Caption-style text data
>>>
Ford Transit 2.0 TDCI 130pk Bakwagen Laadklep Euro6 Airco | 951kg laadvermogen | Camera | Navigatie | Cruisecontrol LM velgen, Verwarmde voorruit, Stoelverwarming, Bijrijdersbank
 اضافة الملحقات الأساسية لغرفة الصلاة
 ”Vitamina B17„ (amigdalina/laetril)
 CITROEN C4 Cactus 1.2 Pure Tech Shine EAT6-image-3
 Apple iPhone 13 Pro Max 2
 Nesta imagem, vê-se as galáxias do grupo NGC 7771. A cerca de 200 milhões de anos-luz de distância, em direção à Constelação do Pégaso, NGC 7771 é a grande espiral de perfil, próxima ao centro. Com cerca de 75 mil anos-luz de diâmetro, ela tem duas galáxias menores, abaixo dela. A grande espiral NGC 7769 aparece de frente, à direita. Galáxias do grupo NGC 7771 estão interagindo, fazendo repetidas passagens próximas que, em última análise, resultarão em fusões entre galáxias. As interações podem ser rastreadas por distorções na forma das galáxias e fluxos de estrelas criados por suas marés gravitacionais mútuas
<<<
» **Task instructions**
Please give every entry again, precisely as it appears.

» **Output of the exercise**
Ford Transit 2.0 TDCI 130pk Bakwagen Laadklep Euro6 Airco | 951kg laadvermogen | Camera | Navigatie | Cruisecontrol LM velgen, Verwarmde voorruit, Stoelverwarming, Bijrijdersbank
 اضافة الملحقات الأساسية لغرفة الصلاة
 ”Vitamina B17„ (amigdalina/laetril)
 CITROEN C4 Cactus 1.2 Pure Tech Shine EAT6-image-3
 Apple iPhone 13 Pro Max 2
 Nesta imagem, vê-se as galáxias do grupo NGC 7771. A cerca de 200 milhões de anos-luz de distância, em direção à Constelação do Pégaso, NGC 7771 é a grande espiral de perfil, próxima ao centro. Com cerca de 75 mil anos-luz de diâmetro, ela tem duas galáxias menores, abaixo dela. A grande espiral NGC 7769 aparece de frente, à direita. Galáxias do grupo NGC 7771 estão interagindo, fazendo repetidas passagens próximas que, em última análise, resultarão em fusões entre galáxias. As interações podem ser rastreadas por distorções na forma das galáxias e fluxos de estrelas criados por suas marés gravitacionais mútuas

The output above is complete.